33 responses to “100 years since WW I

  1. so telling – and when we can write 100 years since the last war, and be happy in our peace, that too will be amazing; thanks claudia🙂 meanwhile:

    “a sketcher,
    mud soaked in a dugout
    & the sun

    has not stopped shining
    yet”

  2. cool last line…the reflection of his teeth….cool too putting yourself there in the dugout….sometimes we just have to find our place….or help others find their place in the grand picture…

    glad you are back. smiles.

  3. Well it is good to think about the idea that everyone fits in somewhere…..and that no one is out of place everywhere. Smiles. Good to see you back here, Claudia. You were missed.

  4. Here too there are numerous references to the fact that WW1 started a hundred years ago, especially in my region. To my students it seems like centuries ago.

  5. You nailed me, as with many others with /everything you dream & cannot see/–and yes, having you active again makes thing cohesive & balanced in the poetic world. That guy dressed up as a sheik selling whiskey to the children shook me up though; lots to chew on from your take on the image.

  6. Welcome back – good luck with the office work!

    I think if we cold stop worrying less about fitting in, we would find that we all do fit in, after all. Difference is our essence, is it not?

  7. Claudia, I’ve never lived in a place where waging war took place. The “after” made me “see” things, the wounded soldier…and I, wondering what must he have thought about the whole thing?? (Notice the double marks–grin!)

    WARS and GARBAGE DUMPLS we’ll have with us always. AND always there will be some of US who wonder, “How come I don’t fit in?” Is it because my teeth are mud-and-sand encrusted?

    Mind-bending piece of work. GOOD, Claudia.
    PEACE and LIGHT!

  8. Kudos for bringing the musical instruments in right away–that guitar image in the costumed figure is hard to miss. The image encourages a kind of self-reflection, I think, based on dissociation. I love the way you’ve ended the poem.

  9. Welcome back Claudia – we haven’t spoken in a few weeks🙂

    I enjoyed the reference to world war – it gives you a unique dimension here.

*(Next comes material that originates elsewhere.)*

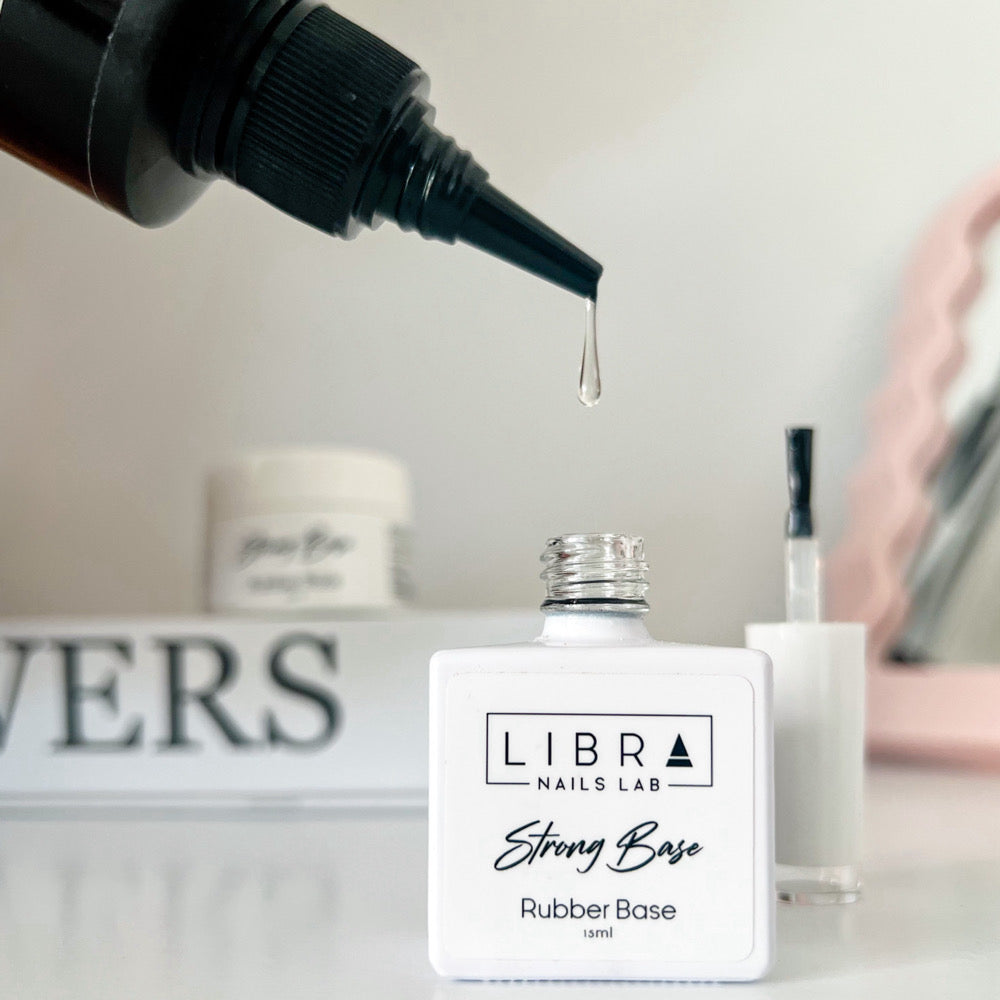 Strong Base - Rubber Base Clear - Refill 100ml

I love the touch of history.

  10. There must be something in Germany that is like a bell – bronzed over that tolls for the lost souls, for the strange twists of fate, for the post war period, for the new Germany that is tied now to so much art and music and modernity and yet those terrible times must haunt the old places like ghosts that no one wants to see.

    You don’t often touch on that as your work is so full of joy, beauty and eloquence but here the irony seeps through (if that’s what it is) – I guess just the weirdness that life goes on and time transforms.

    I always love your work – it gives me love, images, imagination and you.
    Thank you Claudia for being you and being in my life.

  11. Lovely to have you back, Claudia, and with a flourish! Beyond the shopping street lies the rot and stench, another reign, another crippled soldier… and you can enumarate all that horror and pestilence, yet suffuse it with light and tolerance. Beautiful!

  12. I gave this a couple of reads…it deserves it. For me, it paints the devastation of the aftermath of war on a country and its people. I like that you chose WWI–a more distant war, because the effects endure in subsequent generations. Are we getting ready for another conflagration–I sure pray we aren’t. Our world cannot endure more scars or financial burdens. That’s how I read it and to me it was so thought-provoking.